> Given data:
↓↓↓
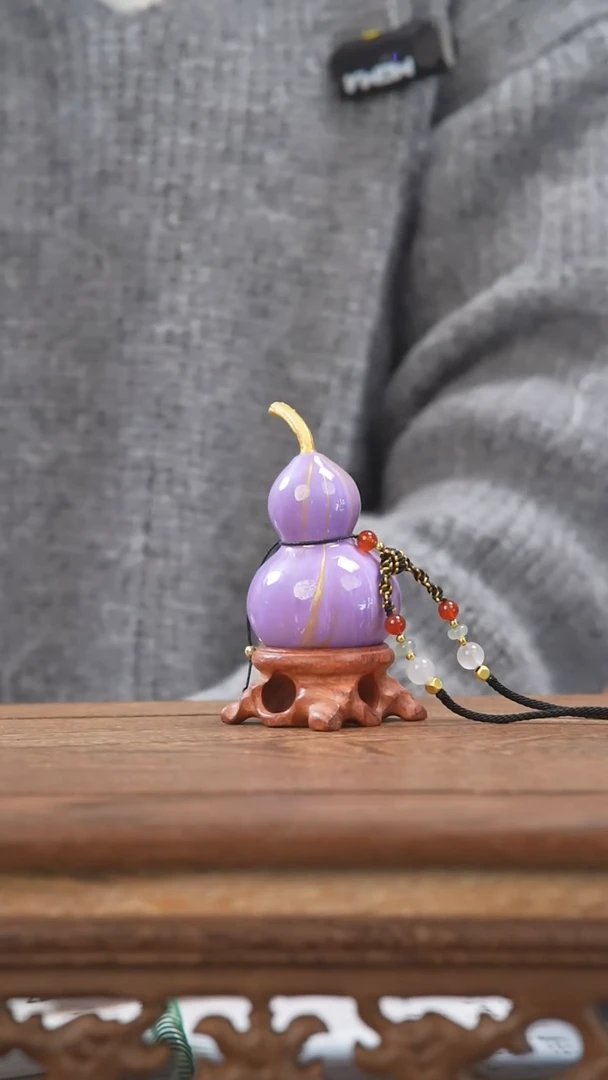 【闪购商品】227号-大漆飘漆小葫芦脖挂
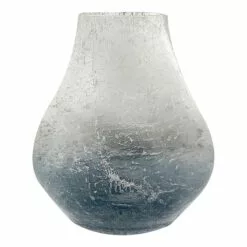 Laila Ali Smoke Ombre Glass Vase, 9"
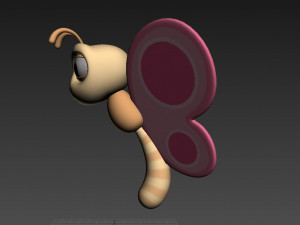cartoon butterfly 3D Модель
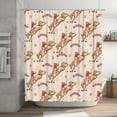 thumbnail image 5 of Rateoe Howdy Cowgirl Shower Curtain - Fancy Bathroom Shower Curtain Sets - Waterproof Shower Curtain with Hooks with 12 Plastic Hooks 72x72 Inches, 5 of 5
↑↑↑
An image-free, exact version of the listing above is required.

> Solution to this task:
 【闪购商品】227号-大漆飘漆小葫芦脖挂
 Laila Ali Smoke Ombre Glass Vase, 9"
cartoon butterfly 3D Модель
 thumbnail image 5 of Rateoe Howdy Cowgirl Shower Curtain - Fancy Bathroom Shower Curtain Sets - Waterproof Shower Curtain with Hooks with 12 Plastic Hooks 72x72 Inches, 5 of 5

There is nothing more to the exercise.